The burrs should be with me sometime next week and I will get them posted out to you all as soon as I am able, it may not be next week for them all as recent life events have meant that some bills are costing me double the amount budgeted for.

Once again sorry for the long long wait, but at least now we know we have a long term source for burrs, they have replaced the details for the oem version of the OD burrs in their catalogues worldwide now, and it was the search for an alternative and the testing which has taken the time, although it does seem like elephants mating in that it is done at high level with a great deal of grunting and groaning and takes almost 2 years to produce results.

Charlie


----------



## drude (Apr 22, 2013)

Thanks for a massive effort on your part to source these, particularly when you have had much more pressing things to deal with. Much appreciated, Charlie


----------



## robti (Mar 27, 2013)

Really appreciate all you have done with this Charlie, especially with everything that is happening in your life in the recent months, all the goodness will all come back round to you in the future.

Robert


----------



## Padder (Dec 14, 2012)

Thanks Charlie. is the original amount paid still enough?


----------



## rmcgandara (Feb 12, 2013)

Thanks mate, appreciated.


----------



## Charliej (Feb 25, 2012)

Yes the original amount is still enough as they have waived any further delivery charge and the wrong burrs were sent back at their cost.


----------



## Padder (Dec 14, 2012)

Hi Charlie,

Any news on these yet?


----------



## Charliej (Feb 25, 2012)

I've got the burrs but I'm skint until around Friday so won't be able to post them out until then.


----------



## robti (Mar 27, 2013)

Charliej said:


> I've got the burrs but I'm skint until around Friday so won't be able to post them out until then.










Thanks for the honest reply, all I can say is I don't think anyone is not without a working machine at the moment so can only appreciate the trouble you have been through with these

robert


----------



## marcuswar (Aug 19, 2013)

Hey Charlie, I managed to get myself a nice Christmas present over the festive period.

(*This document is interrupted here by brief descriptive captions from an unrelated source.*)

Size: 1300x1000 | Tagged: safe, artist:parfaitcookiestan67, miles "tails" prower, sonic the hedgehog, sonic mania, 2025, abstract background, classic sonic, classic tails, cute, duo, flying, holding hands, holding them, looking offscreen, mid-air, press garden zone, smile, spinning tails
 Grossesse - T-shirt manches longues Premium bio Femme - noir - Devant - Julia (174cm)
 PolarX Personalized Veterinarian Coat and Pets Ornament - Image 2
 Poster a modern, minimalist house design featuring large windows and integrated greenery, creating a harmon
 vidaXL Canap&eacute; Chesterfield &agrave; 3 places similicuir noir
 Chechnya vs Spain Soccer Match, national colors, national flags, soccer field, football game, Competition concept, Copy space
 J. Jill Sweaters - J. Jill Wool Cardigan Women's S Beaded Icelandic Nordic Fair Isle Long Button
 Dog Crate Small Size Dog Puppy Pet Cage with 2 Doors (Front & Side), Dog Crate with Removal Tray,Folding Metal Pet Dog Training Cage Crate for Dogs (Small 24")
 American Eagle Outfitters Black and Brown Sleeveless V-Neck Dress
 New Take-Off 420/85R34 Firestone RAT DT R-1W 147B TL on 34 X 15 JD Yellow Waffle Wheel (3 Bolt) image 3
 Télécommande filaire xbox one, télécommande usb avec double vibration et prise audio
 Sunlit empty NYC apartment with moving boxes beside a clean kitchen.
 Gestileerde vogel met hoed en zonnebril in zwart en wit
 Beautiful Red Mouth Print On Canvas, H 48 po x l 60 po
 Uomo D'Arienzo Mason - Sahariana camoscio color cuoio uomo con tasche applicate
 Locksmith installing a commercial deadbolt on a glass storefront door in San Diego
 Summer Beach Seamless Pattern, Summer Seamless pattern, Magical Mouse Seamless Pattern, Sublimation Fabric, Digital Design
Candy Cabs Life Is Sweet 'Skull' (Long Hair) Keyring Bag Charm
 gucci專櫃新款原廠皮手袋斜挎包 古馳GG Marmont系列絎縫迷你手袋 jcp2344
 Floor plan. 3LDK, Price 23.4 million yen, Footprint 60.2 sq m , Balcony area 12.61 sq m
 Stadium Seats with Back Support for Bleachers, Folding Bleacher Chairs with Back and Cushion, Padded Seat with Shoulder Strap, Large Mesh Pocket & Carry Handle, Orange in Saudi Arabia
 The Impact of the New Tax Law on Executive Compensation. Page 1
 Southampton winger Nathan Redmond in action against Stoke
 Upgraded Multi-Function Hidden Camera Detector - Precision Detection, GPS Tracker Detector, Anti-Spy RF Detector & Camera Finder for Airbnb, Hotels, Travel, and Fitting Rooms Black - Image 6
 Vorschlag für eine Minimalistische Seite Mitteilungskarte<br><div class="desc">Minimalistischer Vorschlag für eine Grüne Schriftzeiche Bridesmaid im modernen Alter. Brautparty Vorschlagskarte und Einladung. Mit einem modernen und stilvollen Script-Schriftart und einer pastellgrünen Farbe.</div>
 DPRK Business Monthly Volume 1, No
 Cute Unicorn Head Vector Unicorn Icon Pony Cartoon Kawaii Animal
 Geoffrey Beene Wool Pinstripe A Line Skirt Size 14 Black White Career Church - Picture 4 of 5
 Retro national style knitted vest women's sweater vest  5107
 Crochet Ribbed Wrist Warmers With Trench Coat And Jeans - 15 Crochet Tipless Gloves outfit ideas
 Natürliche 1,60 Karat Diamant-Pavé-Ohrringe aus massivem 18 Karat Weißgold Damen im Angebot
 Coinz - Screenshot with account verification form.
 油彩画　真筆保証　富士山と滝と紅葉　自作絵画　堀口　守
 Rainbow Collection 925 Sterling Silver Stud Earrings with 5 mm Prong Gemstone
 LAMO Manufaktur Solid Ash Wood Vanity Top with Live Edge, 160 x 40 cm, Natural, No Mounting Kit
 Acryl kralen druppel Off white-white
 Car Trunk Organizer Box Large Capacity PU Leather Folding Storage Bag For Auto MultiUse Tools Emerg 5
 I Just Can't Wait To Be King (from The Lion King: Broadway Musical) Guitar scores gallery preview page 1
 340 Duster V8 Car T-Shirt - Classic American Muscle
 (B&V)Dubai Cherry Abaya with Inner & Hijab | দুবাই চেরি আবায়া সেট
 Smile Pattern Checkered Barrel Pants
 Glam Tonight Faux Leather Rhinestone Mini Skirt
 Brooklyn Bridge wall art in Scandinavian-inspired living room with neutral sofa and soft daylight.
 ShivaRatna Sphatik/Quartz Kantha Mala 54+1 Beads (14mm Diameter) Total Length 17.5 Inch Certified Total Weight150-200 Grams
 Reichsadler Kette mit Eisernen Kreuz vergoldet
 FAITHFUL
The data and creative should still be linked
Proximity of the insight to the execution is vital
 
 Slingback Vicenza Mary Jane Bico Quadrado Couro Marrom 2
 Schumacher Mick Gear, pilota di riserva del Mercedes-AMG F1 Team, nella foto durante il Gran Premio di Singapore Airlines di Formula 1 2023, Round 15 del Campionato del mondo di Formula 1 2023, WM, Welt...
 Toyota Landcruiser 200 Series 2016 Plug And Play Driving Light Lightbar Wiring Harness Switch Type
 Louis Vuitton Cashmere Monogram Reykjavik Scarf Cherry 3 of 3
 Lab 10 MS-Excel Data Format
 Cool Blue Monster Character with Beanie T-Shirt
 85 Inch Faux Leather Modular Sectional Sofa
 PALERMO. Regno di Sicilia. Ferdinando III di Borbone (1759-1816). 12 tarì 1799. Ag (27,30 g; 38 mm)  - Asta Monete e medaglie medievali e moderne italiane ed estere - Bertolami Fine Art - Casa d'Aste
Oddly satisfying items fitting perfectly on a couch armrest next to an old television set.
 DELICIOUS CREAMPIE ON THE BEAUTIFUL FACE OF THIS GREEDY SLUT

A Brasilia RR55OD for £180 second hand off eBay... the wife even offered to buy it me as a Christmas present







Only issue is that I think the burrs need replacing even after cleaning the burrs its grinding very slowly. Even a 12 second grind isn't filling even a single basket. The display says its done 40377 shots.

So my question is; did the burr buy actually happen and did they end up being the "correct" curved blade design ? If so is it still possible to order a set ?

Marcus


----------



## Charliej (Feb 25, 2012)

Hi Marcus,

The original curved burrs are currently like rocking horse shit to get hold of . The only places I could find them were in Australia and the USA and the prices were rather high and then shipping on top and more than likely customs wanting there tonne of flesh too. My Italy based supplier had the burrs they supplied me tested and tell me that the performance is as good as the OEM burrs. It is impractical to order a single set of burrs due to their minimum order amount and flat rate £9.90 carriage fee. I will be putting together a group buy for some Gaggia Classic upgrade parts in the near future so could order you some then.

When you say you have cleaned it how far did you strip it down? there are also another couple of mods to make the grinds flow faster, also how much coffee are you keeping in it as it needs a weight of beans in the throat to function properly it will not work well at all if you are trying to single dose either. Whereabouts in Manchester are you? you would be welcome to come over and fetch the grinder to compare with mine.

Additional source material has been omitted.